> **Dataset items**:
────
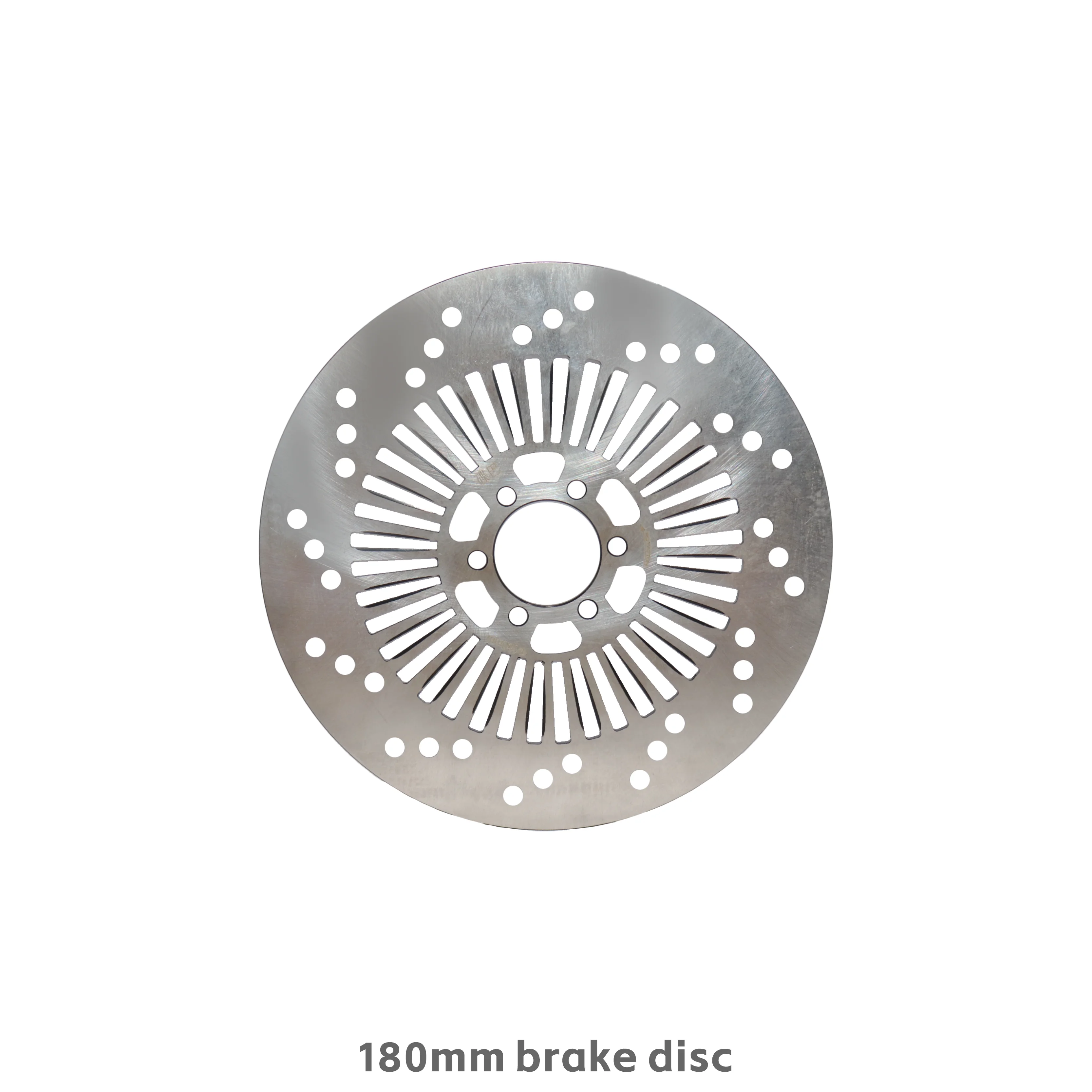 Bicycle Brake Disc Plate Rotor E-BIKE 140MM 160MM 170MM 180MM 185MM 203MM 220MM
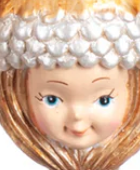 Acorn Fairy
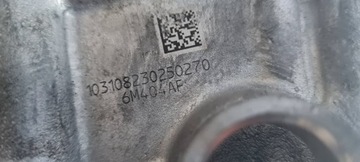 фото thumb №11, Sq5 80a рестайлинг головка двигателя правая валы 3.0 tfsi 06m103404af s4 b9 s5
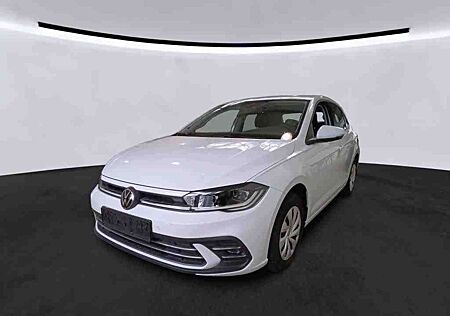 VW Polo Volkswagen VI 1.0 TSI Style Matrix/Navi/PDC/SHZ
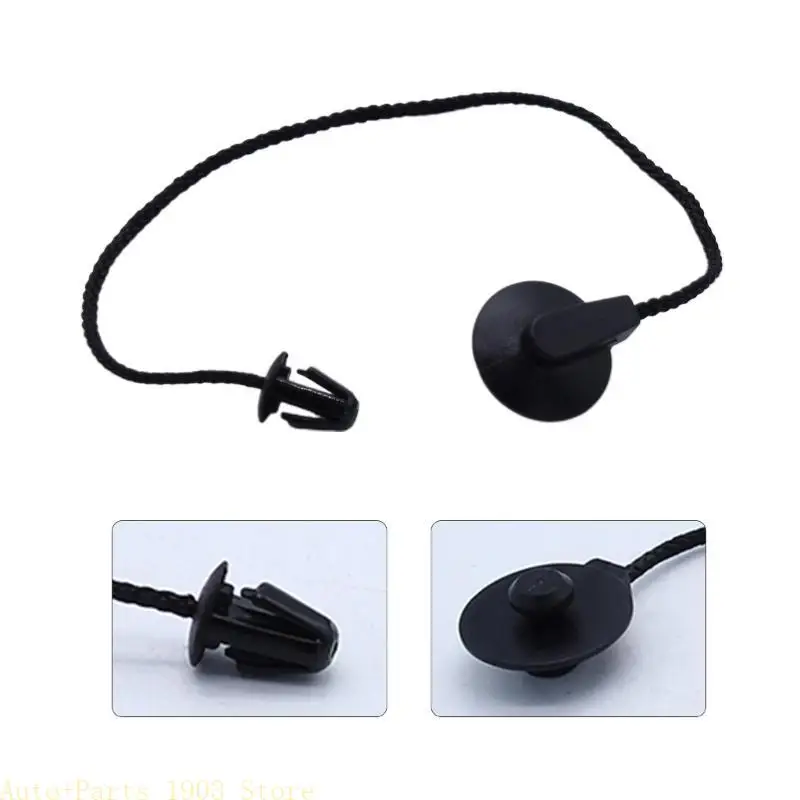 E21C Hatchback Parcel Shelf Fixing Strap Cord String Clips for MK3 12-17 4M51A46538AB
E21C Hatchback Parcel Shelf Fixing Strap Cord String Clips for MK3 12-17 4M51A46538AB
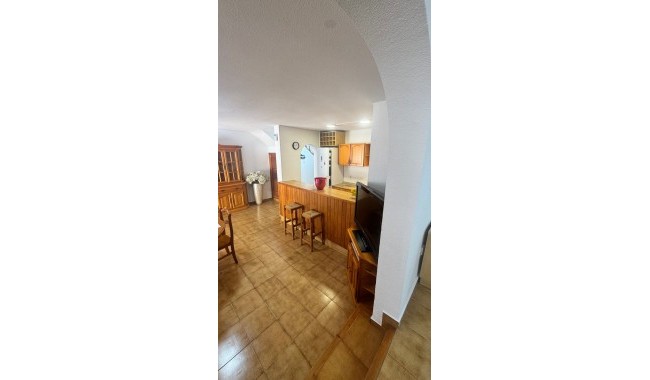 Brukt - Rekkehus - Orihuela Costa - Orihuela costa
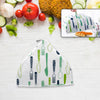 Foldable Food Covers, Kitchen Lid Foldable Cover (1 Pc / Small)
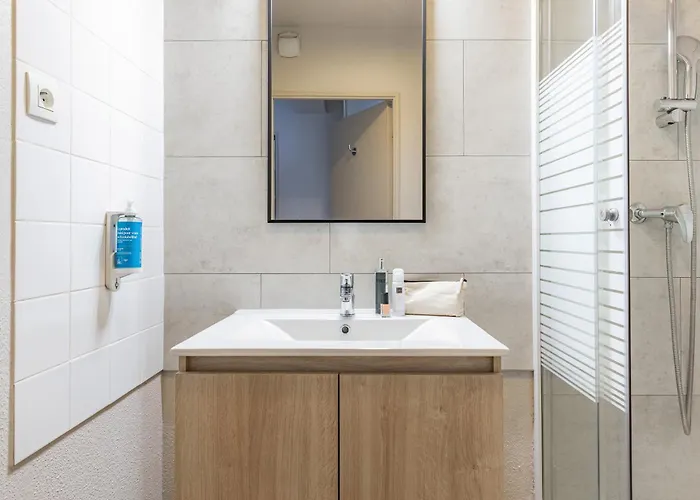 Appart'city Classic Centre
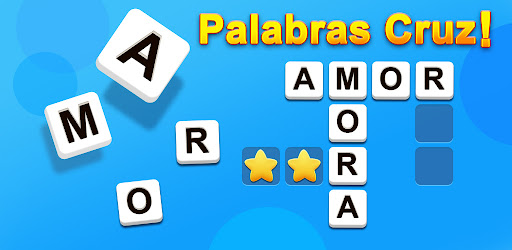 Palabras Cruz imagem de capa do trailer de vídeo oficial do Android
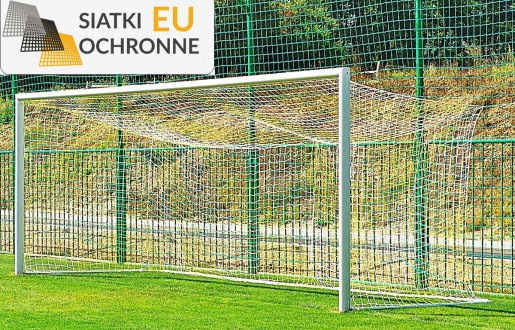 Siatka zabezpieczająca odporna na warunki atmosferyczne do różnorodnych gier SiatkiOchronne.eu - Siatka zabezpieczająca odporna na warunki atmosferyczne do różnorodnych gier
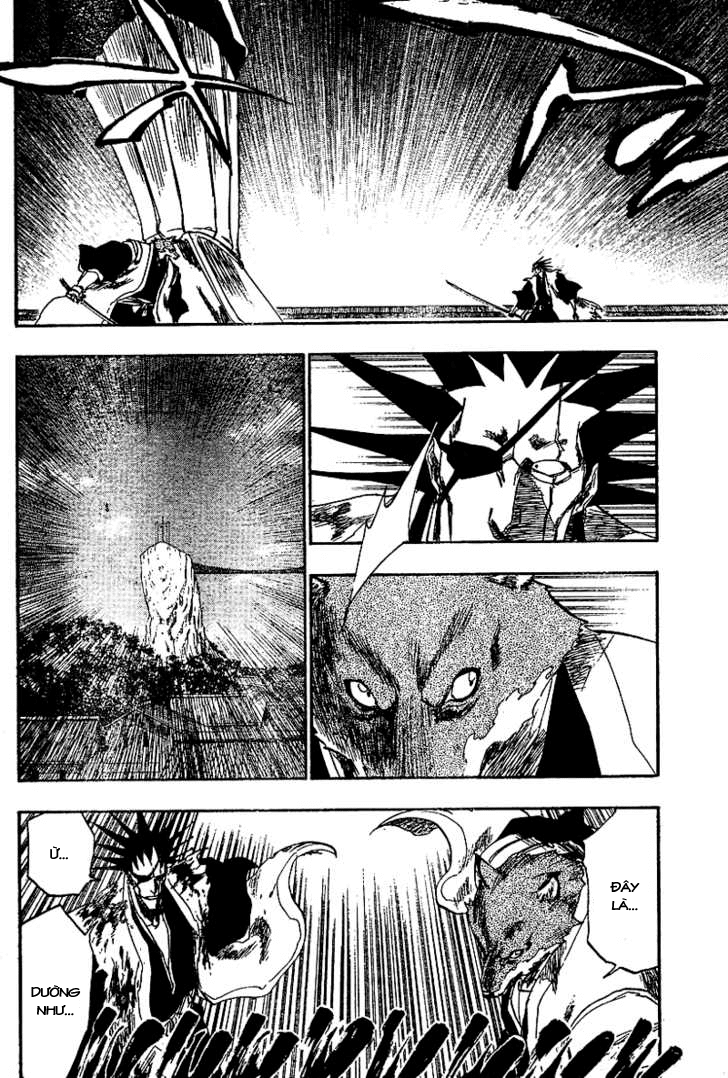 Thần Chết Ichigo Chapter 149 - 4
────
> **Your assignment**: Would you give the records again exactly, dropping the pictures?

> **Worked solution**:
 Bicycle Brake Disc Plate Rotor E-BIKE 140MM 160MM 170MM 180MM 185MM 203MM 220MM
 Acorn Fairy
 фото thumb №11, Sq5 80a рестайлинг головка двигателя правая валы 3.0 tfsi 06m103404af s4 b9 s5
 VW Polo Volkswagen VI 1.0 TSI Style Matrix/Navi/PDC/SHZ
 E21C Hatchback Parcel Shelf Fixing Strap Cord String Clips for MK3 12-17 4M51A46538AB
E21C Hatchback Parcel Shelf Fixing Strap Cord String Clips for MK3 12-17 4M51A46538AB
 Brukt - Rekkehus - Orihuela Costa - Orihuela costa
 Foldable Food Covers, Kitchen Lid Foldable Cover (1 Pc / Small)
 Appart'city Classic Centre
 Palabras Cruz imagem de capa do trailer de vídeo oficial do Android
 Siatka zabezpieczająca odporna na warunki atmosferyczne do różnorodnych gier SiatkiOchronne.eu - Siatka zabezpieczająca odporna na warunki atmosferyczne do różnorodnych gier
 Thần Chết Ichigo Chapter 149 - 4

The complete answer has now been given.